Statua di Artemide a grandezza naturale, definita del tipo Borghese per la particolare iconografia, che non trova confronto tra gli esemplari analoghi.
Sebbene non ricorrano gli attributi consueti (le armi, la luna o il cervo), la posa e la veste consentono di identificare la figura con la giovane dea in abito da cacciatrice. L’integrazione moderna delle braccia, inoltre, coglie nel segno rispetto alla posizione originaria e al gesto di preparazione al lancio del dardo.
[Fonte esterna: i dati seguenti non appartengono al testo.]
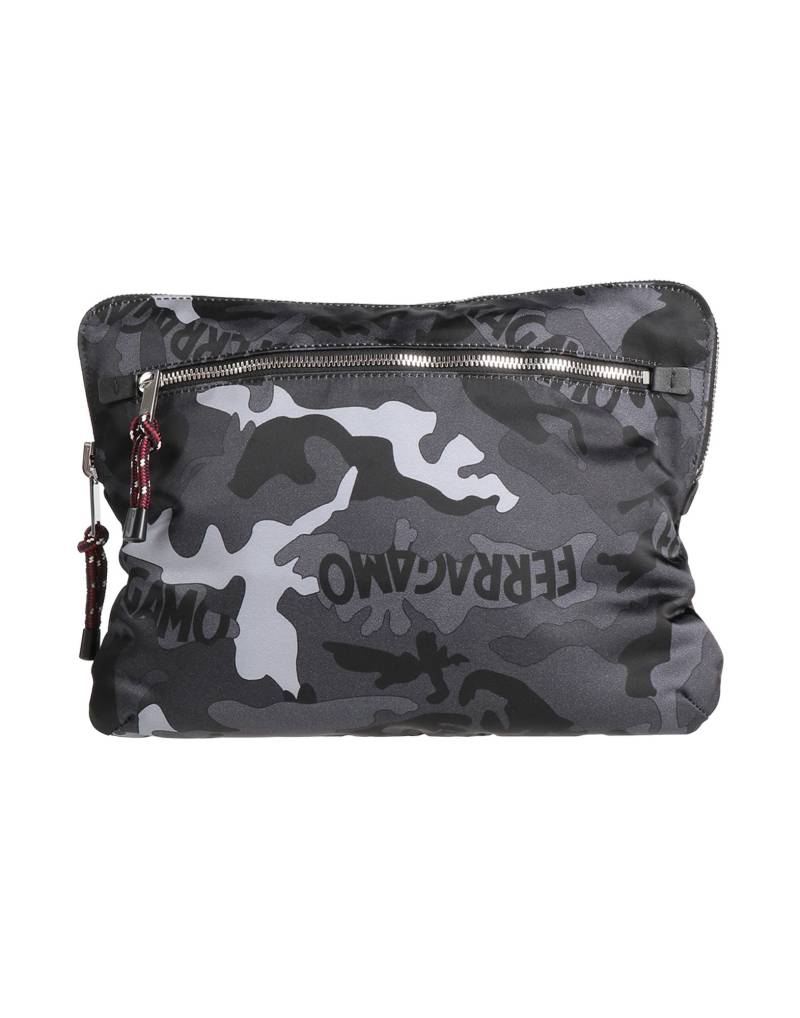 FERRAGAMO Handtaschen Damen Grau von FERRAGAMO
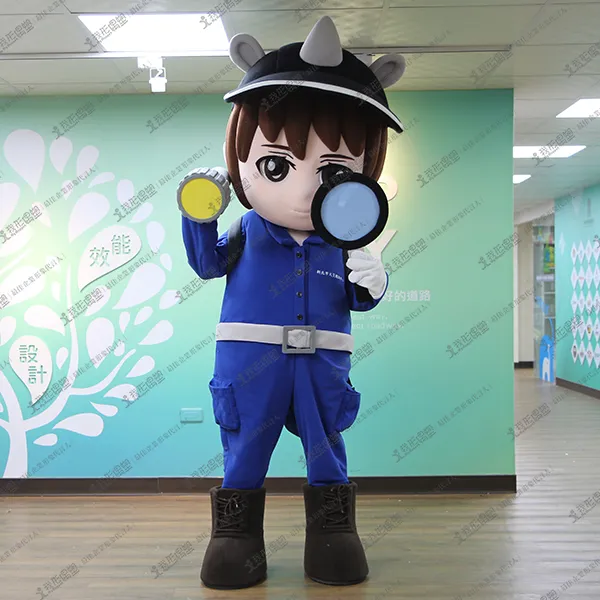 New Taipei City Fire Department – Detective Xi Niu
L’intonazione del volto e la capigliatura rimandano a modelli del IV secolo a.C. reinterpretati in questa copia di età imperiale ad opera, molto probabilmente, di una officina neoattica.
Collezione Giustiniani. Collezione Borghese, in Inventario Fidecommissario Borghese 1833, n. 124. Acquisto dello Stato, 1902.
Una incisione di Giovan Battista De Rossi del 1641 riproduce la scultura e ne testimonia la provenienza dalla collezione Giustiniani, riportando sul piedistallo in aedibus Iustinianeis (Roma, Gabinetto Nazionale delle Stampe S-FC282 vol. 26 F7; vedi Gasparri 1987, p. 265). Al pari delle altre statue femminili raffigurate nell’incisione, a loro volta confluite nella collezione Borghese, anch’essa era stata identificata nel Seicento con una Musa, in particolare l’aggiunta del globo nella mano sinistra ne restituiva l’interpretazione come Urania. Al contrario, il successivo restauro, che ha previsto la sostituzione delle mani e l’inserimento di attributi simbolici, allusivi all’arco e alla freccia, avvicina la figura all’iconografia originaria, ovvero quella di Artemide cacciatrice (EA 1925, p. 12, n. 2743 Lippold).
L’Inventario Fidecommissario Borghese del 1833, infatti, cita una statua di Diana allestista entro una delle sei nicchie della sala nobile, allora definita Galleria degli Imperatori, accanto a una Venere marina, a un’altra statua di Diana (inv. CXXIX), a due figure di Bacco e a una Musa (quest’ultima, in realtà, è l’Artemide tipo Dresda inv. CXXVI).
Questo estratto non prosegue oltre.